Деда Гришу извлекли из-под завалов в Рубежном, привезли незнакомые люди в приют и оставили здесь. Выходили, нашли родственников в Подмосковье. Те сняли ему квартиру в Луганске – живи, дед, да радуйся, а он всё звонит в интернат и всё просится обратно.
Бабушку Валю дочь и зять завезли по пути в Питер – у них там квартира. Не просили принять мать – обязали:
– Маленькая у нас квартирка, самим тесно, а у вас вон какой простор! Да и ухаживать за нею нам некогда – работаем. А вы на то и интернат, чтобы за стариками доглядывать… Это ваша обязанность, вам за это деньги платят.
Голос директора невыразителен внешне, но чувствуется сожаление на людскую черствость и недоумение: ну как так можно родную мать чужим людям оставить? Прошёл почти год, а дочь всего разочек и позвонила. Да и то интересовалась не столько матерью, сколько получает ли она пенсию от новой власти и сколько.
А директор от государства зарплату не получает. И никто из нянечек и персонала тоже не получает. И сам интернат не на обеспечении республики. Живут подсобным хозяйством да гуманитаркой. Еле концы с концами сводят, но не бросают стариков. Вот как-то так…
Ближе к вечеру опять заглянули к Филину. Тянет к нему, хоть он всеми силами выказывает негостеприимность. Но это видимость: он рад нам. Пару стаканов чая согревают, хотя сегодня не перемёрзли: днём выглянуло солнышко, чуть-чуть подогрело воздух, правда ветер огорчал и всё норовил забраться под бушлат.
Намеренно не описываю ни здание штаба, ни само помещение – технические возможности врага запросто сделают место узнаваемым, а значит, жди привет. Если говорю, что у него осунувшееся усталое лицо и воспалённые от недосыпания глаза, то это не обязательно Филин, хоть и могу написать применительно к нему. Это портрет практически любого знакомого комбрига, выкладывающегося до изнеможения. Так что пусть простит меня дорогой Филин, если образ его вдруг покажется ему не совсем верным и не таким уж героическим – будем считать его образ собирательным.
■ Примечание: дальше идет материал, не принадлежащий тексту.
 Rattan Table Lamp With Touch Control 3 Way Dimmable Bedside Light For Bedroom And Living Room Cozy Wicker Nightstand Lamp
Итак, угостил чаем, хотя с порога начал ругаться и гнать обратно. Он вдруг решил, что несёт за нас ответственность перед нашими родными. Спас ситуацию штабной офицер: доложил, что из двухсотой арктической бригады приехали за орденом. Сначала не поняли, зачем и почему именно к нему кто-то прибыл за наградой. Оказалось, его «волки» в отбитом опорнике нашли Орден Мужества – подправляли траншею и со дна лопатка вместо с землей зачерпнула награду.
Гадать, почему орден оказался втоптанным в землю, не стали: мог владелец перед пленом сам снять и спрятать; мог просто потерять; могли в рукопашной сорвать – опорник переходил из рук в руки осенью прошлого года не раз и не два. Поступили проще: направили запрос о владельце по номеру на ордене. Через три недели сообщили имя награждённого – Данила Федотов, старший лейтенант, среди «двухсотых» и без вести пропавших не значится, последнее место службы – командир роты 200-й арктической бригады.
Оказалось, что размотанная и обескровленная рота не ушла с позиций, когда на опорник ворвались укры. Дрались отчаянно и зло, в ход пошли ножи, приклады, сапёрные лопатки. В этой яростной схватке старлей и потерял свою награду: то ли кто-то из укров рванул форменку на груди, то ли отцепилась заколка, но потерявшего сознание его вытащили бойцы уже без награды. Считал он, что пропал орден навсегда, ан нет, нашёлся: сохранил святой покровитель князь Даниил Московский, показал бойцам место, где находится орден.
А Филин рад, что старлей жив остался. И сейчас, после слов офицера, потеплел взгляд его, и улыбка расплескалась по всему лицу.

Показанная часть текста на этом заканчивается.